Los impresionantes leones que soportaban el gigantesco sarcófago estaban cincelados en mármol blanco. Según me acercaba al féretro, mi asombro iba en aumento, pues no sólo tenía sus lados admirablemente labrados con increíbles escenas en altorrelieve, sino que todos sus adornos e incrustaciones eran de oro puro, incluso las dos argollas, gruesas como mi puño, que, en teoría al menos, deberían servir para mover aquel mazacote. También las garras de los leones, sus ojos y sus dientes eran de dicho metal precioso, e igualmente las molduras de la cubierta y los motivos en forma de hojas de laurel que enmarcaban las tallas del pórfido. Se trataba, sin duda, de un sarcófago digno de un rey y, cuando estuve lo bastante cerca -la cubierta, o lauda, quedaba por encima de mi cabeza-, confirmé mis sospechas al examinar la escena representada en uno de sus lados: dividido en dos niveles, en el inferior se veía una muchedumbre que elevaba suplicante las manos hacia una destacada figura central que vestía los ropajes imperiales bizantinos. Esta figura repartía puñados de monedas y estaba flanqueada por importantes dignatarios de la corte y funcionarios de alto nivel.

Di un rodeo para situarme a los pies del féretro y vi, esculpido, un medallón con la misma figura imperial, a caballo, escoltada por otras dos figuras mucho más pequeñas que portaban coronas, palmas y escudos. Incrédula, observé que la cabeza de aquel emperador aparecía rodeada por el nimbo de los santos y que los escudos llevaban tallado en su interior el Monograma de Constantino. Sin poderme creer la absurda idea que estaba empezando a brotar en mi cerebro, continué con el rodeo para colocarme frente al otro gran lateral. La escena allí descrita era la de un Cristo Pantocrátor sentado en su trono ante el cual el mencionado monarca hacía proskinesis, es decir, llevaba a cabo el acto tradicional de homenaje a los emperadores bizantinos que consistía en arrodillarse y tocar el suelo con la frente extendiendo las manos en ademán de súplica. De nuevo la figura tenía la cabeza nimbada y los rasgos de su cara eran los mismos que en las dos escenas anteriores, así que estaba claro que todas representaban al mismo emperador y que los restos de ese emperador estaban contenidos en aquella cápsula de piedra.

– ¡Caramba, esto es increíble! -dijo en ese momento la voz de Farag a mi espalda y, luego, soltó un largo silbido de admiración-. Ottavia, ¿a que no sabes quién es este viejo Hércules alado con cara de mal genio?

– ¿Qué dices, Farag? -repuse, molesta, volviéndome hacia él.

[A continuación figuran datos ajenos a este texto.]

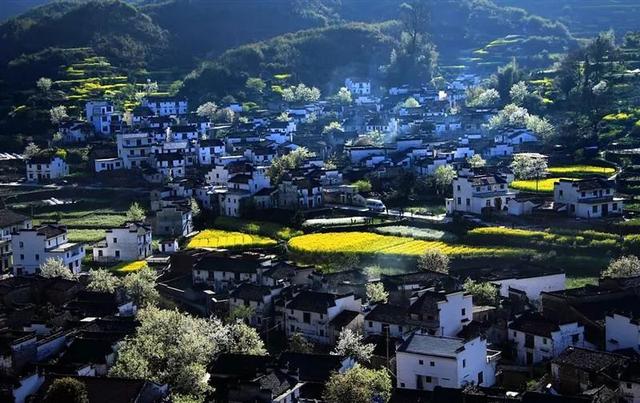 婺源几月份去最美，婺源什么时候去最好（这里有世间最美的春天）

Sobre la boca de uno de los bothros, el Hércules del que hablaba Farag se empeñaba en lanzar soplidos por la boca mientras sujetaba a una joven doncella entre los brazos.

– ¡Es Bóreas! ¿No lo reconoces? La personificación del frío viento del norte. Mira cómo sopla a través de la caracola y cómo la nieve cubre sus cabellos.

– ¿Por qué estás tan seguro? -le increpé acercándome, pero obtuve la respuesta al leer la cartela que había debajo de la figura: «Boreas»-. Vale, no me lo digas, ya lo sé.

– Y aquel de allí enfrente es Noto, seguro -dijo mientras se apresuraba a comprobarlo-. En efecto, Noto, el viento cálido y lluvioso del sur.

– O sea, que cada una de esas doce cavidades semicirculares tiene un viento en la parte superior -comentó la Roca sin moverse del sitio.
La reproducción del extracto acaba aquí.